Жизнь моя шла спокойно, глубинные потоки не устремлялись наверх. Я работал над мессой и вынашивал в голове ораторию, для которой у меня еще не было текста. Когда мне приходилось думать о моей опере, я чувствовал, что теперь это для меня чуждый мир. Моя музыка шла новым путем, она стала проще и холодней, она хотела утешать, а не волновать. В это время Тайзеры, брат и сестра, были мне очень дороги. Мы виделись почти ежедневно, вместе читали, музицировали, гуляли, устраивали общие праздники и экскурсии. Только летом мы на несколько недель расставались, потому что я не хотел быть обузой для этих хороших ходоков. Тайзеры опять путешествовали пешком по Тиролю и Форарльбергу и присылали мне коробочки с эдельвейсами. А я отвез маму к ее родным в Северную Германию, куда ее приглашали уже не один год, и устроился на берегу Северного моря. Там я день и ночь слушал древнюю песнь моря и, дыша терпким, свежим морским воздухом, отдавался своим мыслям и мелодиям. Отсюда я впервые отважился написать Гертруде в Мюнхен – не госпоже Муот, а моей приятельнице Гертруде, которой я рассказал о своей музыке и о своих мечтах. Может быть, это ее порадует, думал я, и, может быть, утешение и дружеский привет ей тоже не помешают. Ибо сам не желая того, я все-таки не доверял Муоту и все время был в некотором беспокойстве за Гертруду. Слишком хорошо я знал этого своенравного меланхолика, который привык жить по настроению и не приносить ни малейших жертв, которого увлекали и вели темные инстинкты и который в часы задумчивости смотрел на собственную жизнь как на трагедию. Если одинокость и непонятость действительно болезнь, как показал мне добрый господин Лоэ, то Муот страдал этой болезнью в большей мере, чем кто-либо другой.
Однако я ничего о нем не слышал, писем он не писал. Да и Гертруда ответила мне лишь кратким изъявлением благодарности и призывом осенью вовремя приехать в Мюнхен, где с началом сезона сразу будет продолжена работа над моей оперой.
В начале сентября, когда все мы опять были в городе и вернулись к нашей привычной жизни, мы собрались однажды вечером в моей квартире посмотреть, что я наработал за лето.
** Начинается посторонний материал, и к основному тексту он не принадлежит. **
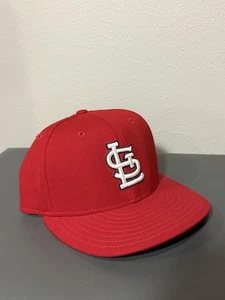 Gorra ajustada de los Cardenales de San Luis para hombre 7 1/4 roja MLB béisbol New Era 59Fifty - Imagen 1 de 6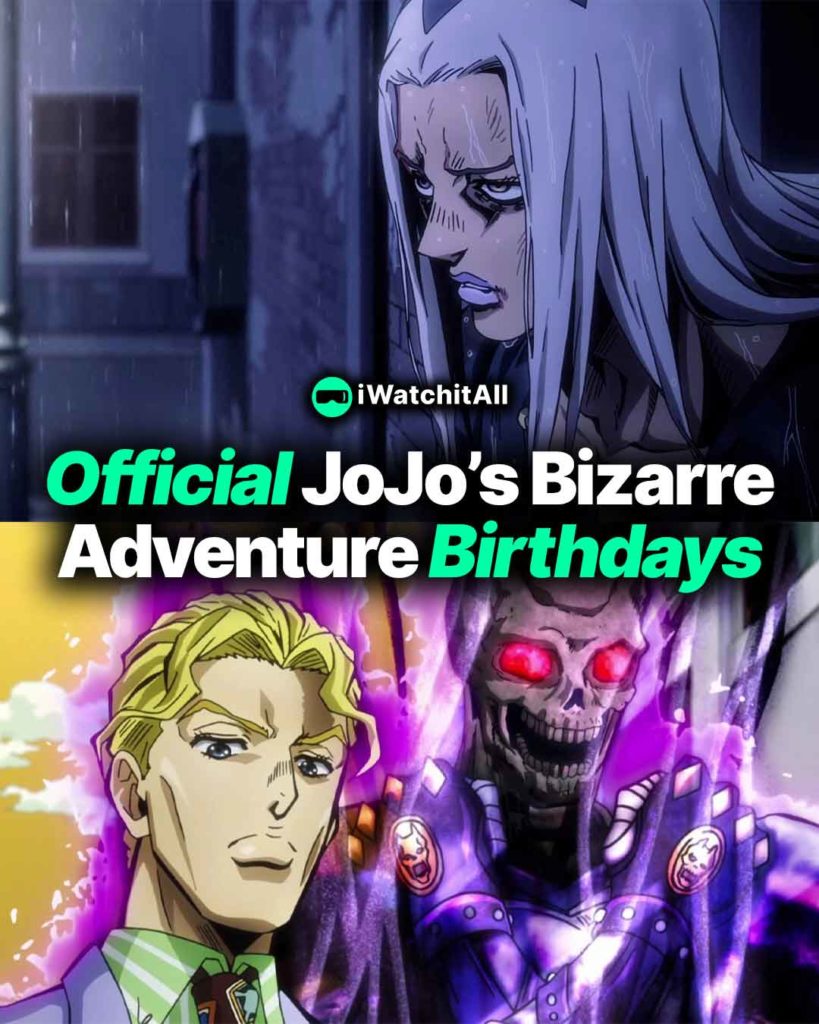 Official JoJos Bizarre Adventure Birthdays One Piece Official Birthdays One Piece Official Birthdays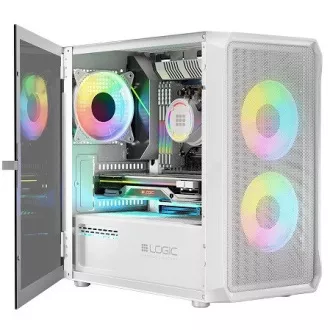 LOGIC PC ohišje Portos ARGB MINI 1x USB 3.0, 2x USB 2.0 avdio, belo, brez napajalnika LOGIC PC ohišje Portos ARGB MINI 1x USB 3.0, 2x USB 2.0 avdio, belo, brez napajalnika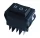 Készülékkapcsoló, váltó, fekete, nyomókapcs., I-0-II felirat 16(6)A, 250V AC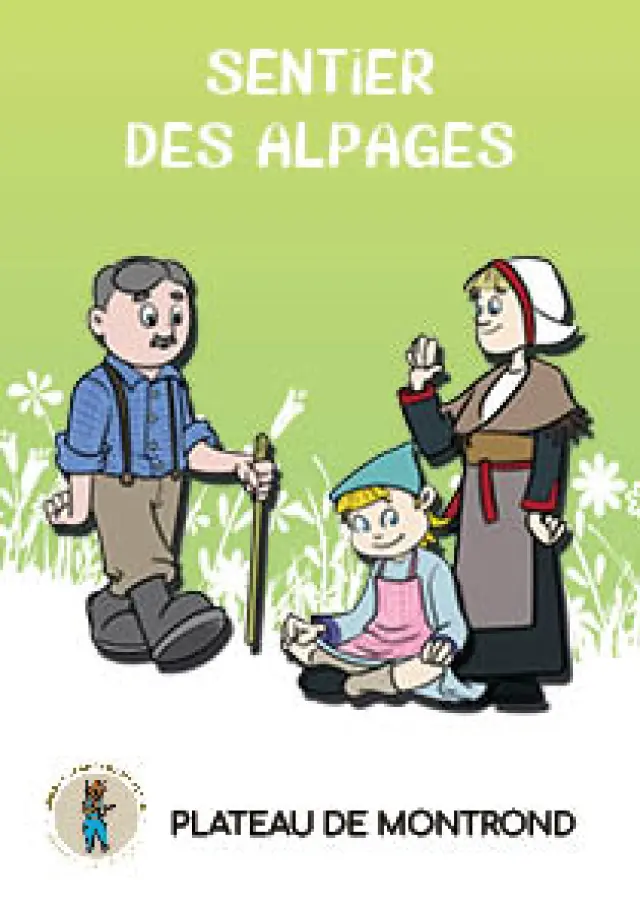 Front cover of the games booklet for the mountain pastures trail in Albiez-Montrond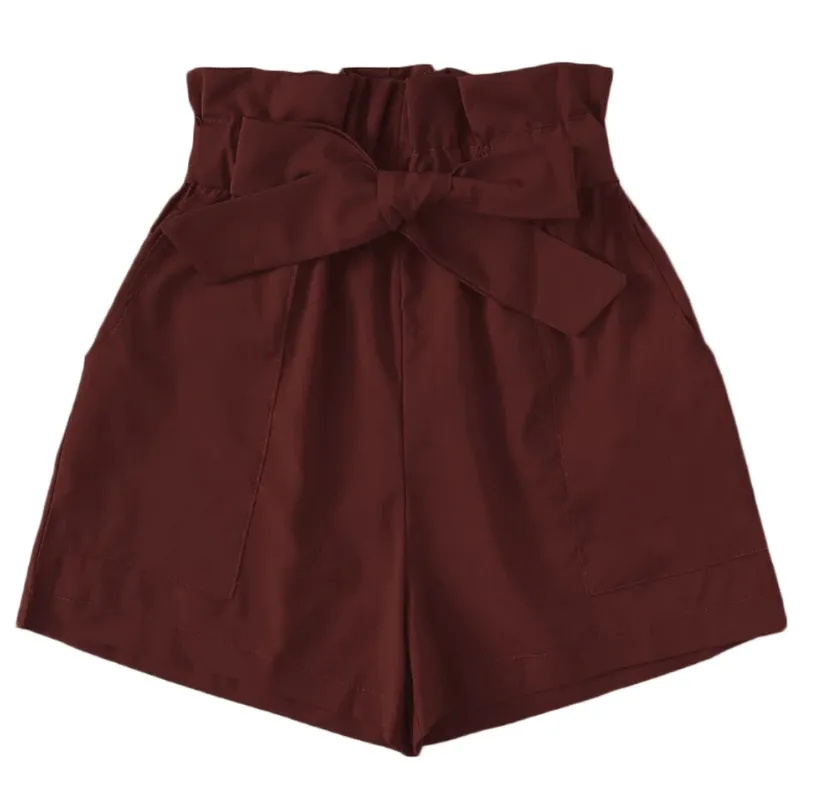 Women's Summer Vintage Office Mini Shorts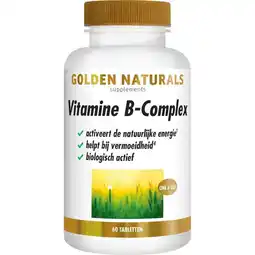 Etos Golden Naturals Vitamine B-Complex Vegan Tabletten 60 stuks aanbieding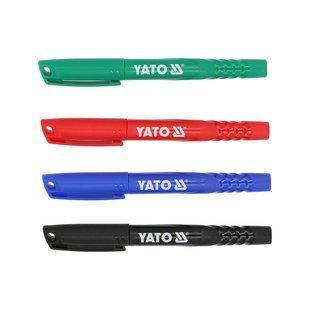 Маркери технічні 36 шт. синій/ червоний/ чорний і зелений Yato YT-69310 YT-69310 фото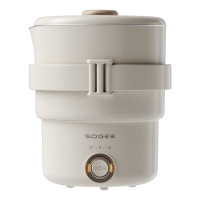 小质折叠电热水壶家用304不锈钢烧水壶便携式出差旅行电水壶保温一体全自动煮水壶SA03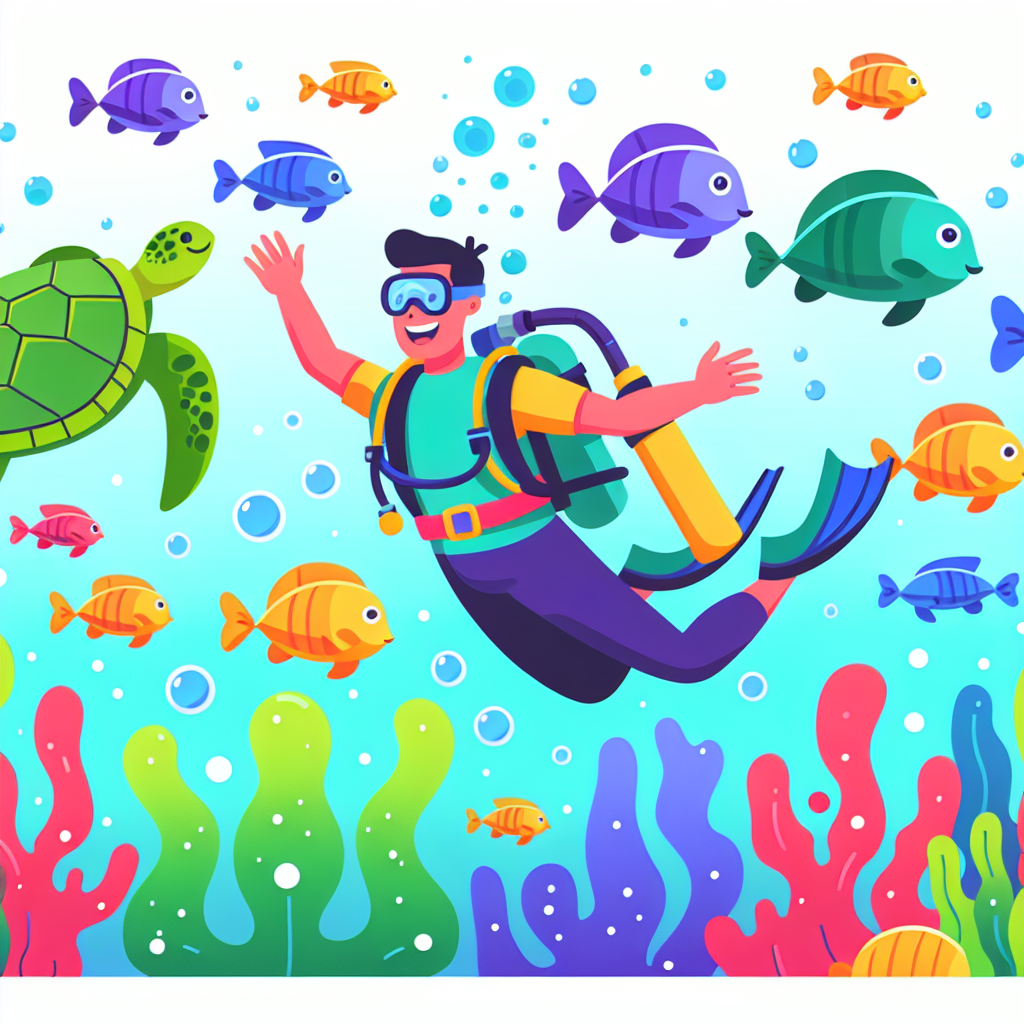 Undersea Adventure Exploration Paint By Numbers Art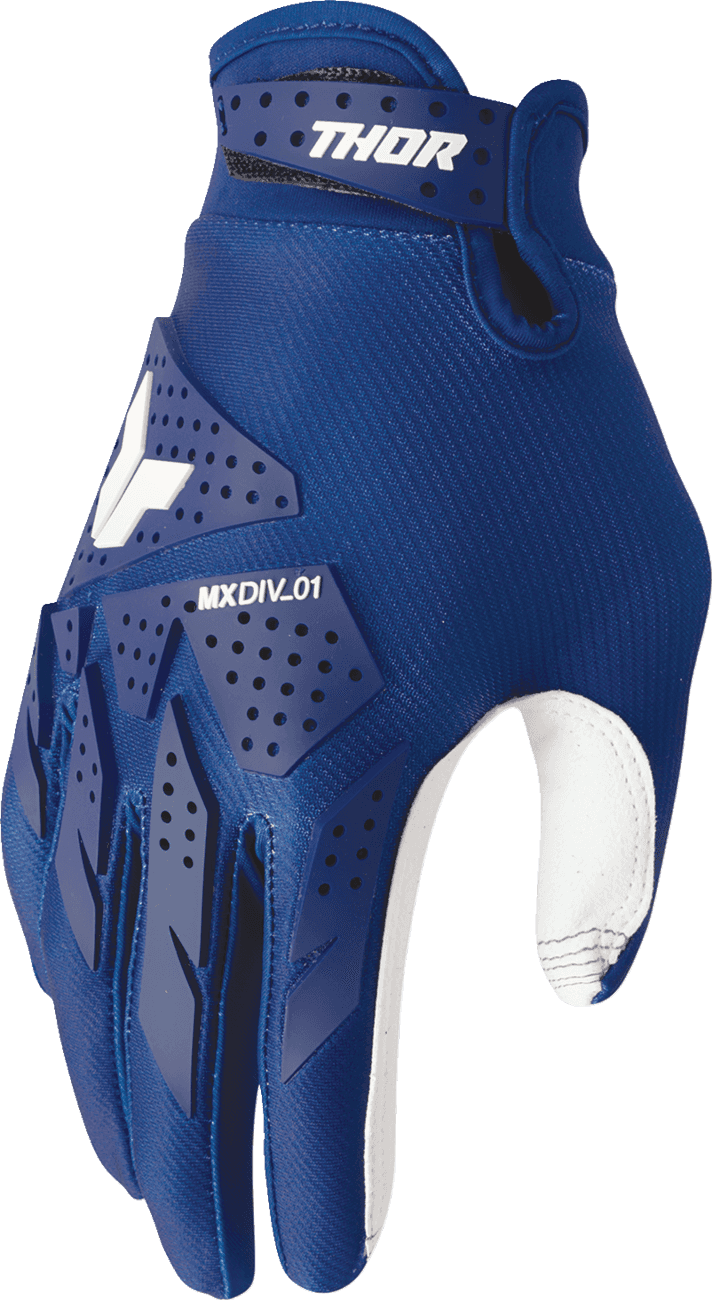 THOR 3330-8178 Launchmode XP Gloves - Navy - Large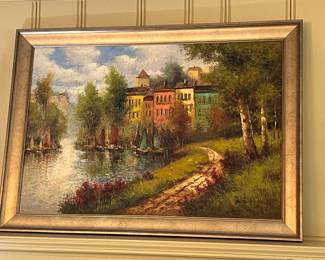 Oil on canvas by W. Eddie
Главной была маленькая лирическая пьеса для двух скрипок и фортепиано. Мы стали ее играть. Бригитта Тайзер сидела за пианино, через подставку для нот я мог видеть ее голову с тяжелым венком белокурых кос, которые в огне свечей горели золотом. Брат стоял рядом с ней и играл первую скрипку. Это была простая песенная музыка, с тихой жалобой замиравшая в летних сумерках, не веселая и не грустная, а плывшая в задумчивом вечернем настроении, как гаснущая тучка после захода солнца. Эта вещица понравилась Тайзерам, особенно Бригитте. Она редко говорила мне что-нибудь о моей музыке и обычно держалась тихо, с какой-то девичьей почтительностью, и только с восхищением смотрела на меня, так как считала большим мастером. Сегодня она набралась храбрости и выразила свое особое одобрение. Она преданно глядела на меня блестящими светло-голубыми глазами и кивала так, что блики света плясали на ее белокурых косах. Она была очень хорошенькая, почти красавица.